Last term I was fairly busy, getting used to being here, keeping up with people back home, but pretty much with classes. This term I decided that I really should not spend all my time doing that, so I've been trying to spend more time doing other things. I worked in the I.T. office last term as well, but I've been a more consistent about going in to work this term. What I do is very flexible, basically I show up on my own time and do whatever there is to do. It's best when I have projects to work on, like last term I documented the network (as far as I could). This term it looks like I might be helping out with the website, so we've been getting familiar with the software we'll be using. I would love to be proficient enough to design a website, that would be sweet.

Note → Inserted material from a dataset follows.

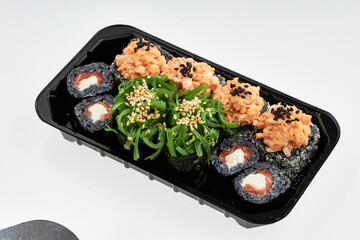 Close-up of sushi rolls made of sausage and covered with cabbage and ketchup. Homemade asian style. Sushi-food hybrids trend. Japanese food.
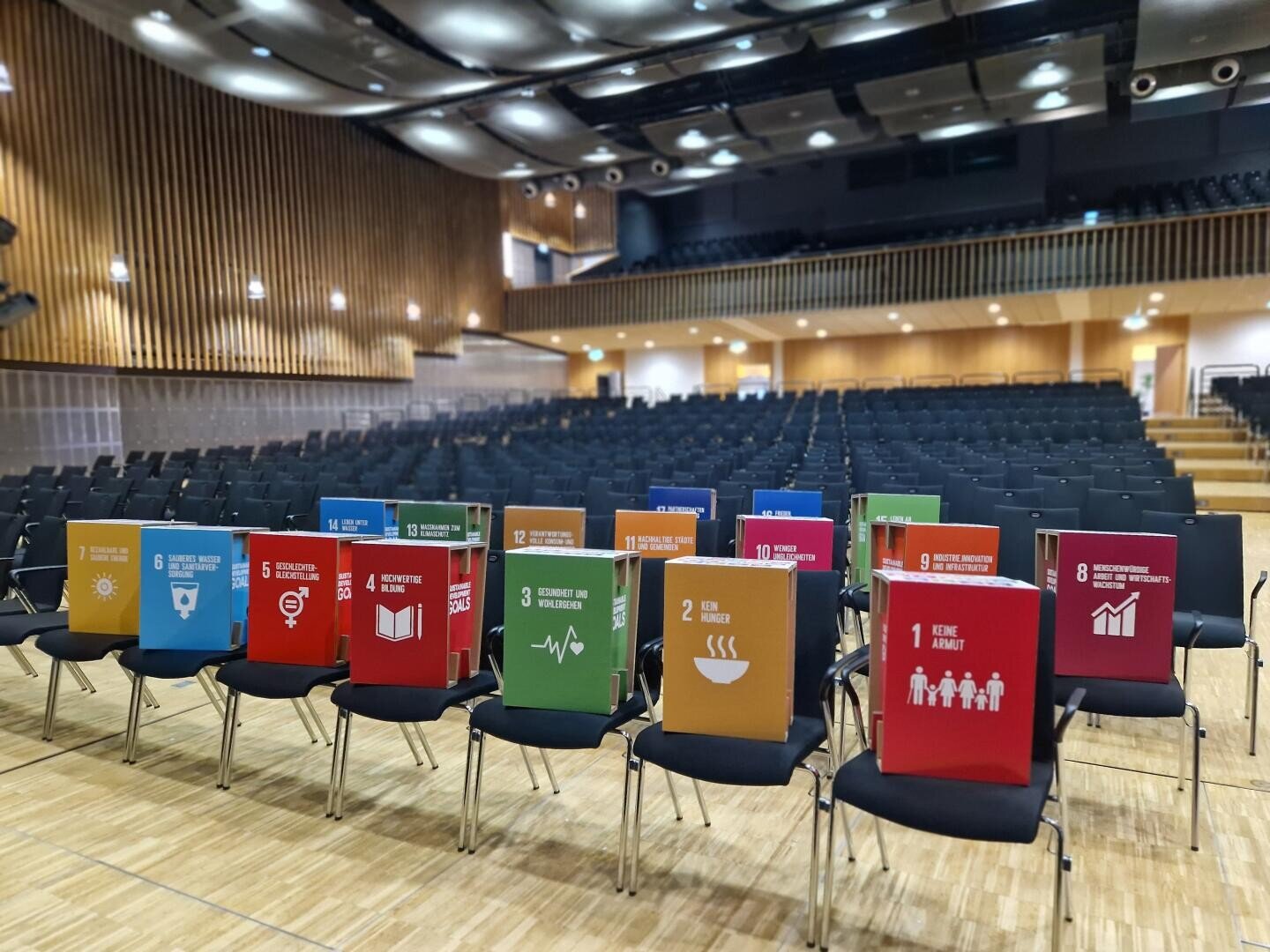 An empty auditorium with rows of chairs, some front seats marked with colorful posters displaying icons and numbers representing the United Nations Sustainable Development Goals.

I have also started studying Swahili. We started an informal class that meets twice a week for an hour, and I also arranged for 2 hours of tutoring a week (one hour of tutoring costs more than twice as much as the entire month of class). So I have Swahili for an hour a day Monday - Thursday. If I'm intentional about using it, I could use it all the time: my hallmates speak Swahili, the guys I eat with speak Swahili, when I buy bread at the Tuck shop on-campus, checking out books from the library, most of my friends in class, at church, maybe half the songs we sing in chapel, when I go shopping outside NEGST, in the matatu, basically all the time. I'm familiar with most greetings now, some basic verb construction, and a little vocabulary. Here's a brief lesson:

Ninasoma Swahili.
I am studying Swahili.

You attach prefixes to the verb to indicate person and tense. Ni means I, na means present tense, soma means study. Nilisoma means I studied. Nitasoma means I will study. Unasoma means you study. Mimi is the first person singular pronoun, so to emphasize that I'm doing it, I could say, "Mimi ninasoma Swahili" (I myself am studying Swahili). Just like Greek, where the verb includes the person but you can also add a pronoun. I would love to actually be conversational in another language. If I work hard, it is definitely possible. Until next time. Kwa heri (good bye)!

1 comment:

Andrew said...

がんばって!hahaha i hope u get good at swahili too, that would be sweet. do most foreigners in kenya bother to learn it or does everyone just speak english only?